If you only want to query steam games you can run

$ python3 gamecompendium/main.py --only steam

You can use --force to re-index your documents

$ python3 gamecompendium/main.py index --force

And you can use --update to update your dumps with new games (old games won't be updated).

$ python3 gamecompendium/main.py scrape --update

Evaluation

Automatic evaluation is also supported! (whohoo!). To use it run

$ python3 gamecompendium/main.py evaluate main.benchmark

It will run our main benchmark and print results to console once it's done.

The code computes: Discounted Cumulative Gain (raw and normalized), precision (natural and standard), average precision (raw and interpolated) and mean average precision.

Query Language

We used the default whoosh query language with some bug fixes and minor improvements to have a better seamless experience.

By default, every term will be searched in both name, summary and story line, giving more weight to the name, also the OR conjunction is used by default: "portal 2" will search portal OR 2 in every name, summary and storyline. This gives us more results but since score is added the search experience should be the same, just more resilient. If you don't want to use this default behaviours you can type it manually: name:portal AND name:2 or name:(portal AND 2).

For better integration with lazy-typed queries we also give a boost to specified fields. In the query portal date:2011 the date: part of the query will have more weight than the unspecified part. Same with Gran Theft Auto name:(San Andreas), the manually-specified name will take more weight in the query scoring.

If you want to add more weight to a part of the query you can do so with the caret operator: name:grand name:theft^2 ("theft" will have twice the weight of "grand")

You can also use phrase queries ("grand theft auto"), positional phrase queries ("grand auto"~2 where "grand" is at max 2 word distant from "auto"), range queries "grand theft auto" AND date:[2005 to 2010]". For more examples check out our benchmark

Adding sources

Steam and IGDB don't have all the games you need? That's what we think too! Luckily it's really easy to add additional sources to game compendium!

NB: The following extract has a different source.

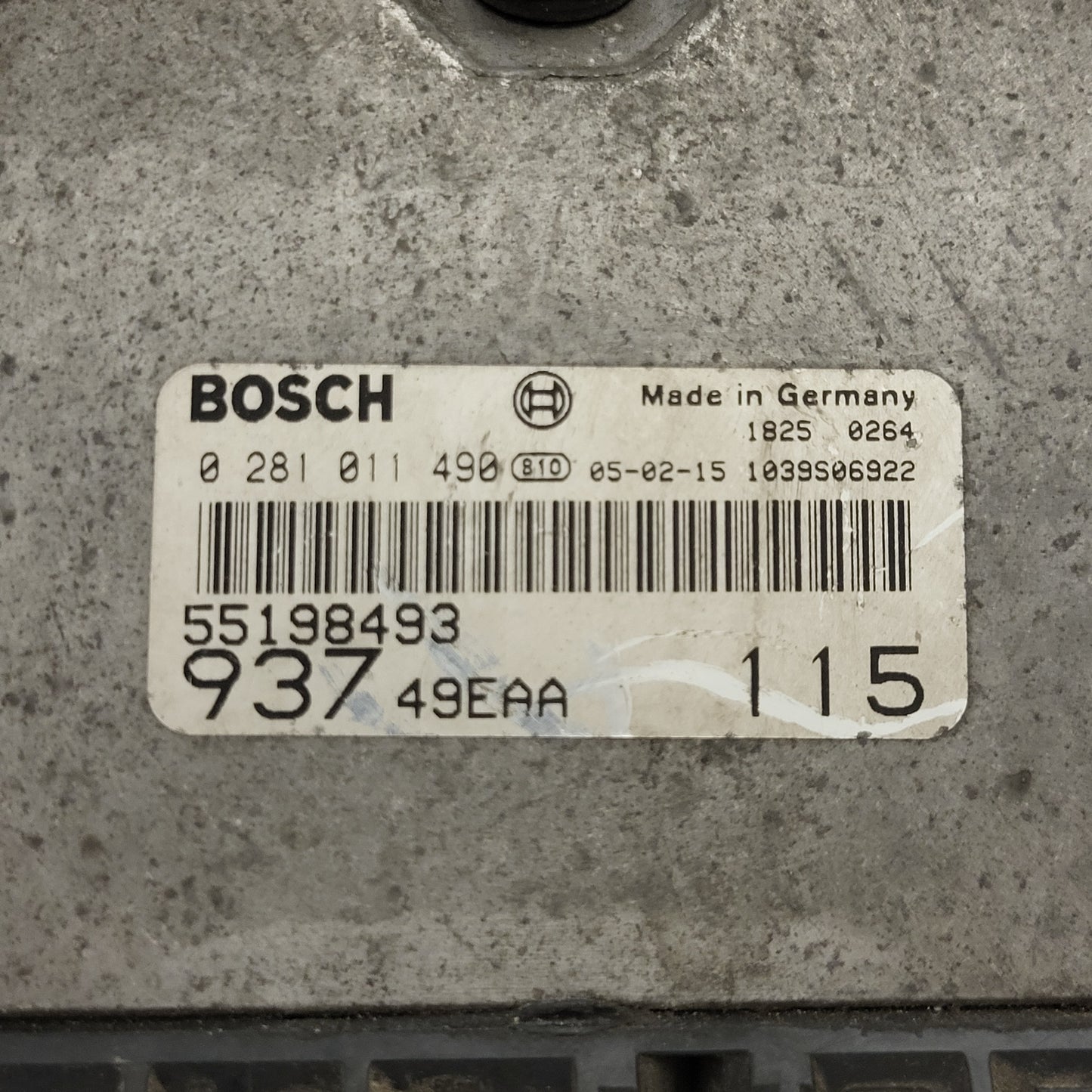 ALFA ROMEO 147 1.9 ECU / 0281011490 / 55198493 / BOSCH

Write your own implementation that satisfies source.py protocol then add an instance of it in app.py's DEFAULT_SOURCES, it's that easy! Our algorithms are thought with extensibility in mind and they will work with 2, 3 or 10 information sources!

Technical Info

There ae multiple considerable technical barriers we had to overcome, we'll discuss them here shortly, check out the source code for more details.

Query Aggregation

We use a slightly different version of the Top-k Threshold algorithm (Fagin et al. 2001*) (random access version). Since games aren't always in all the sources, we need to change the score aggregation function. Instead of summing results from different sources we average the scores. So if instance x is found in source A, B, C Sx = (Sxa + Sxb + Sxc) / 3, while if instance y is found only in B and C Sy = (Syb + Syc) / 2. This means that entities do not gain anything from being in multiple sources. To make this work efficiently the threshold computation should also be different, we can prove mathematically that threshold = max(cdim1.score, ..., cdiml.score), is the minimum threshold function for this case, and this is the formula that we're using right now (mathematical proof in the source code).

Entity Resolution

Games don't have a "hard" definition as games are only what we (as humans) think of them. We found this "definition" of game similar to the goal of Information Retrieval, we then use the system itself to help us discriminate entities.

The idea is this: for the first source indexed, every game will have its own entity, from the second source the IR system would search each game in the already indexed sources (with various heuristics), and if an entity is found, it will be reused, otherwise another entity will be generated. We call this Recursive Entity Resolution.